Research
Building AI you can verify.
Most AI agents fail in production for reasons that are now well understood. Perch is built around those failure modes, not in spite of them. This is how we think about reliable, checkable AI, how we test it, and the research that shapes it.
Writing
From the lab.
Notes on how we build verifiable AI: the failure modes we design around, how we test models, and the training research behind the product.
The problem
Why most AI agents fail in production.
Industry surveys put the failure rate for moving agent systems from prototype to production at roughly 90 percent, and Gartner has forecast that more than 40 percent of generative AI projects will be abandoned after the pilot stage. The reasons are consistent and technical.
- Hallucination cascades
- A single fabricated fact early in an agent's reasoning propagates through every later step. Unlike a chatbot that only writes text, an agent acts on the error, calling tools, editing files, or sending messages, so the damage is done before anyone notices.
- Context drift
- As history and tool output fill the context window, the model loses its original instructions and starts pursuing side goals. Quality degrades well before the hard limit, not at it.
- Unverified arithmetic
- Language models are unreliable at exact totals. In finance and accounting work, an eyeballed sum that looks right is worse than no answer, because it reads as authoritative.
- Tool failure loops
- When a tool times out or changes shape, most systems retry the same failed call or quit early. The agent rarely understands why the call failed, so it cannot recover intelligently.
- Observability gaps
- When a multi-step run fails, ordinary logs cannot say which tool returned bad data or where a claim was invented. Teams that cannot see the failure cannot fix it.
- Runaway cost
- Without bounded loops and budget discipline, an agent can search, read, decide it needs more, and search again until the budget is gone, with nothing to show for it.

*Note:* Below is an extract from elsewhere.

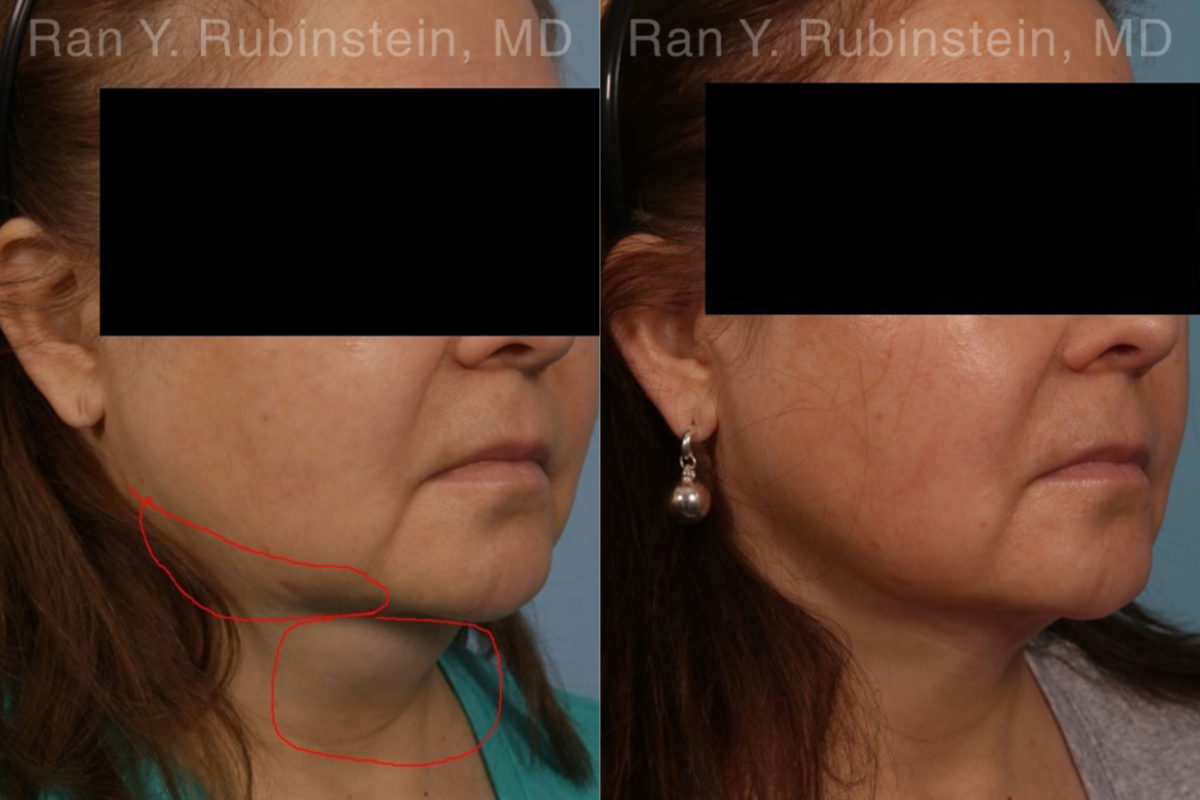 Laser Lift Precision Tx Before and After Photos in Montvale, NJ, Patient 19204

These are not hypothetical. A customer-service agent at Klarna was publicly reported to drift on long threads and fabricate refund policies, prompting a partial rollback. Air Canada was held liable by a tribunal after its support agent stated a bereavement fare policy that did not exist, establishing that an agent's hallucination can carry real legal consequences. A delivery agent run by DPD was pushed off-script through prompt injection and produced profanity in a customer chat. The pattern is consistent: when an agent acts on something it cannot support, the cost lands on the business.
Our approach
How Perch is built differently.
Each failure mode above has a design answer. Verifiability is not a feature bolted on at the end. It is the constraint the whole system is built around.
- Every claim carries its source
- Perch ties each factual statement to the material it actually read, and marks anything it cannot support rather than smoothing over it. Verification is part of the answer, not a step you run afterward.
- Numbers are computed, not guessed
- For totals, reconciliations, and other exact work, Perch prefers deterministic computation over model arithmetic, so a figure can be traced to how it was produced.
- State-changing actions leave receipts
- Anything that creates a document, sends a message, or changes a file is recorded as a reviewable action. The work is auditable after the fact, not a black box.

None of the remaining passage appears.